> TASK PROMPT:
From the records below, copy out exactly the lines from the one containing "Gros plan d'un" to the one containing "PHOTO: A shopper", both included. Add nothing else.
<<<<
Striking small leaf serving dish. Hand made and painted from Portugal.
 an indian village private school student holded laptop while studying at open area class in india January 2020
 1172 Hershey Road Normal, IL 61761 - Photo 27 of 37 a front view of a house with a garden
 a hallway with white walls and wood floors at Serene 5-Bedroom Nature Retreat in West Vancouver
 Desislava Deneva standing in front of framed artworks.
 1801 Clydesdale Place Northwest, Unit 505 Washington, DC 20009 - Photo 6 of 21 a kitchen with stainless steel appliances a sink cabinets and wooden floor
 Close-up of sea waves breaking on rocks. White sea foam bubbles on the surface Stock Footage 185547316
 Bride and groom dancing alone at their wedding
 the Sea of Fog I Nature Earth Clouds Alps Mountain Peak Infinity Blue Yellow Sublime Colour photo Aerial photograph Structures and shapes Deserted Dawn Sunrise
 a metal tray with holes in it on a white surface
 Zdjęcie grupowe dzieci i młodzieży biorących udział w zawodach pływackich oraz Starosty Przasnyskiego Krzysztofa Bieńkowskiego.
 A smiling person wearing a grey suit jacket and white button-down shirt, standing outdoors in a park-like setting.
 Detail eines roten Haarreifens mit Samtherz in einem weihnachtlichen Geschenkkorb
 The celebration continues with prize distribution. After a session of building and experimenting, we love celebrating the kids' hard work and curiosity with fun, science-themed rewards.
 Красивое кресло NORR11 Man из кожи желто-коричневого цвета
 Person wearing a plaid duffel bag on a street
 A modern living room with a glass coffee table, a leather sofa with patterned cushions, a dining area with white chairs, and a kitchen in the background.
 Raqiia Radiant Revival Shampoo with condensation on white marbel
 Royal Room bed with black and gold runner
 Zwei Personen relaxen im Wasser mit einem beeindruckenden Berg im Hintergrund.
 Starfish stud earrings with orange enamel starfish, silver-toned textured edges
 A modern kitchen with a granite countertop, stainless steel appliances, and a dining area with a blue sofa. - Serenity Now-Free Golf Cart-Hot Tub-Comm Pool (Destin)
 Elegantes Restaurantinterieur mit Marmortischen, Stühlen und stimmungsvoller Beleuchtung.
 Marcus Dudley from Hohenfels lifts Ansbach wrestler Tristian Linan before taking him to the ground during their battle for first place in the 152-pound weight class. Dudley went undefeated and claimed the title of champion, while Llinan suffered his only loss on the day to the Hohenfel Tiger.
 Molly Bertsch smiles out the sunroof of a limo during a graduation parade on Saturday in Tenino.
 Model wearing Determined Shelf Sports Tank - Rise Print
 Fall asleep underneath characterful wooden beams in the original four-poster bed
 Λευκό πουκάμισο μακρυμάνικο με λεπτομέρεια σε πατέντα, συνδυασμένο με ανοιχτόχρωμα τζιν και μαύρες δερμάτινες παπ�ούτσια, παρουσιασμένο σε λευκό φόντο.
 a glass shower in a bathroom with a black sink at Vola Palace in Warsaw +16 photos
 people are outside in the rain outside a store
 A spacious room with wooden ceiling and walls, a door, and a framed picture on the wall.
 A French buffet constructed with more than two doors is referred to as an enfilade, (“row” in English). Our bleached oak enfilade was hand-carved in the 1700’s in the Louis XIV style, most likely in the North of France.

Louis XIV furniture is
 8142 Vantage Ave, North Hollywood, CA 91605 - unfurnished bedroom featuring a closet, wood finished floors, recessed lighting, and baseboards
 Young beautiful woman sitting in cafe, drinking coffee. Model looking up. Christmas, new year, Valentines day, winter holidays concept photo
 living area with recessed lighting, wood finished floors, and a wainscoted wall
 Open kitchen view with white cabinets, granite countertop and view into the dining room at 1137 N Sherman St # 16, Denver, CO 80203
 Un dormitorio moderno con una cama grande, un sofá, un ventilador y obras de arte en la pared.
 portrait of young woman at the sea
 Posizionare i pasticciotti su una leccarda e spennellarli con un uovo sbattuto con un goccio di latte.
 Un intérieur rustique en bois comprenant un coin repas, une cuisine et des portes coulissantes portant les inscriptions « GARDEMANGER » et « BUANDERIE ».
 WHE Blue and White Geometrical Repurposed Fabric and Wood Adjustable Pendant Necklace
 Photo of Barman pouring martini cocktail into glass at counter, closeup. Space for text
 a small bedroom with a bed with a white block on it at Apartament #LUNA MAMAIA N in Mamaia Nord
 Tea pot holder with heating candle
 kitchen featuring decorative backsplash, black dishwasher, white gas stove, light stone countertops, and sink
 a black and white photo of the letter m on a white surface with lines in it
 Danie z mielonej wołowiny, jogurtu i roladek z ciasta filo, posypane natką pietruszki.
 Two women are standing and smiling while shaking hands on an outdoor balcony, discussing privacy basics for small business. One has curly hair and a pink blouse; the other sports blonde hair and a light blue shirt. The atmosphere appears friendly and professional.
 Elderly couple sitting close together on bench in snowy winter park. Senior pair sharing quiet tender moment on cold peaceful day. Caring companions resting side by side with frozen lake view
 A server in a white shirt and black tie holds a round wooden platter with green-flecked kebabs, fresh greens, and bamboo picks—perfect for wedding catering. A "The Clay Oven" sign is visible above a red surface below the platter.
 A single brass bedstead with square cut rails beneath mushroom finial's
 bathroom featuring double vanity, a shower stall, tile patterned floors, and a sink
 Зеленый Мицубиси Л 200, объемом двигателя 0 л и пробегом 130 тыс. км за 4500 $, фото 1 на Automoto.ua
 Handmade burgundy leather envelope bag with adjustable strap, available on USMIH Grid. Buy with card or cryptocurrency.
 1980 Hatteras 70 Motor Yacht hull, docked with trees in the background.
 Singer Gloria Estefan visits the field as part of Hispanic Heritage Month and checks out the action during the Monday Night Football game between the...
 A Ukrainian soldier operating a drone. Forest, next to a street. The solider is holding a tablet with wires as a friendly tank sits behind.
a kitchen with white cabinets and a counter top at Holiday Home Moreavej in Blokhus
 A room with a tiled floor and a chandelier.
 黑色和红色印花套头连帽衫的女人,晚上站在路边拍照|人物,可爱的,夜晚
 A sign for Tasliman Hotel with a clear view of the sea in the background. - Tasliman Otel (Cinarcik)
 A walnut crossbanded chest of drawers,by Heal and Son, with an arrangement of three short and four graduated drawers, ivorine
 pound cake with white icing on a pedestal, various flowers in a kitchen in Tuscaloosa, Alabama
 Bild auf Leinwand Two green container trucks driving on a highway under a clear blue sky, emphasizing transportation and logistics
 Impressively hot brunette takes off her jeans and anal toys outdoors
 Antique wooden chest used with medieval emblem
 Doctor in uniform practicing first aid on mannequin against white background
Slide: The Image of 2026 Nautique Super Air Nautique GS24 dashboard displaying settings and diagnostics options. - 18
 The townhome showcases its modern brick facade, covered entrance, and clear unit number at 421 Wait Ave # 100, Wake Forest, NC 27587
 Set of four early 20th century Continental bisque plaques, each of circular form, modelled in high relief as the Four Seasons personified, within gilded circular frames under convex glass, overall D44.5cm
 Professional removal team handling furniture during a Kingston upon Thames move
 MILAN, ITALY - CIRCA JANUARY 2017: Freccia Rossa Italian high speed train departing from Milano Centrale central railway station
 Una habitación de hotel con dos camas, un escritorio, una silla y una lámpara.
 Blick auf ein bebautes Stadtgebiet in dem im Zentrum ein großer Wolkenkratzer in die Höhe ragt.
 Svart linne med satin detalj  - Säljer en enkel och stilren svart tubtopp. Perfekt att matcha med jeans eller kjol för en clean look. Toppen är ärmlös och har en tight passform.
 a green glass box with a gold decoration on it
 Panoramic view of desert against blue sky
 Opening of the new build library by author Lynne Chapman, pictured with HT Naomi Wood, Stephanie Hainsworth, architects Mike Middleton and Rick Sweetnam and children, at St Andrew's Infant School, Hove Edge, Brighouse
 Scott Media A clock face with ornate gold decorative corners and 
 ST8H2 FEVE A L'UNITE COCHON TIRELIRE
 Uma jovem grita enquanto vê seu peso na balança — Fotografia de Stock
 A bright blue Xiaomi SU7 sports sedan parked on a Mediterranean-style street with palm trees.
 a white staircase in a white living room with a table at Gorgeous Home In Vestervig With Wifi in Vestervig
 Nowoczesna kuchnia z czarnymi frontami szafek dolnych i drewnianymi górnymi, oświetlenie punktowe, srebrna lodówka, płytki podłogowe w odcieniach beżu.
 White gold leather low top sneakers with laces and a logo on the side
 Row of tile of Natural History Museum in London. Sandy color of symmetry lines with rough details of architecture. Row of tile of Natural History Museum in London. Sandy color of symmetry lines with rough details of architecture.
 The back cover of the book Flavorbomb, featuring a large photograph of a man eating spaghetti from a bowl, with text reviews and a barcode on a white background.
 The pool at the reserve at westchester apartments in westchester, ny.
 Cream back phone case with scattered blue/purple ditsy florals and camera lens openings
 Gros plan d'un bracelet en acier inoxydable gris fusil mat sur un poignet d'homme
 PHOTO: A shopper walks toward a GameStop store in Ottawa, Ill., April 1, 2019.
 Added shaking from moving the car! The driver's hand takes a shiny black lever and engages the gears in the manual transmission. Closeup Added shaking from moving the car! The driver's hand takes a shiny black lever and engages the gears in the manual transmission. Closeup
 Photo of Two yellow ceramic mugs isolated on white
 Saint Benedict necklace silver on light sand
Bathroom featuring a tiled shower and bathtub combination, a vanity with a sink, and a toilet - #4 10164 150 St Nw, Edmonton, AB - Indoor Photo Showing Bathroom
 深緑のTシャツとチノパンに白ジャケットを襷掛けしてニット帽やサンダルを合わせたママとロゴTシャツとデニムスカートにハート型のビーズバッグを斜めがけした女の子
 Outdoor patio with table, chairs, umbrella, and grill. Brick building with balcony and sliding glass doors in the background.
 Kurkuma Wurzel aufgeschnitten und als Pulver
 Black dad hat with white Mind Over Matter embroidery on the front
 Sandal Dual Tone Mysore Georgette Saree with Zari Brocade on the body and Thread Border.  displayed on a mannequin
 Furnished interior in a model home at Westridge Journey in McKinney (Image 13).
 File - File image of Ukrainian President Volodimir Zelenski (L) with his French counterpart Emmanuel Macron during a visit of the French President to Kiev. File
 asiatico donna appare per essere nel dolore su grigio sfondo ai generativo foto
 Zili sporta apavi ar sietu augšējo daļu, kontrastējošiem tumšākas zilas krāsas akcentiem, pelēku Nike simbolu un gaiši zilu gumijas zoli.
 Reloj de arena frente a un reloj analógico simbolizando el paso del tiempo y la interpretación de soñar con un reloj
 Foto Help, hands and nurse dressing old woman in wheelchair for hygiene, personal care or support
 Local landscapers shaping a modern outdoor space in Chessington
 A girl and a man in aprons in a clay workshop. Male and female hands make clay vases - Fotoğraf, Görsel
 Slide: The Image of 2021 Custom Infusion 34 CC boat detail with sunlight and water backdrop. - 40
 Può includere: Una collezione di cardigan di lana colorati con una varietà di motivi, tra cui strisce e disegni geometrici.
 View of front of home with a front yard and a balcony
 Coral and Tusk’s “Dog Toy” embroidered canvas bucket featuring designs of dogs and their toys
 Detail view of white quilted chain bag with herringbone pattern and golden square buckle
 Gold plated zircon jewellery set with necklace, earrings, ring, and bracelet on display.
>>>>
> RESPONSE TO THIS TASK:
 Gros plan d'un bracelet en acier inoxydable gris fusil mat sur un poignet d'homme
 PHOTO: A shopper walks toward a GameStop store in Ottawa, Ill., April 1, 2019.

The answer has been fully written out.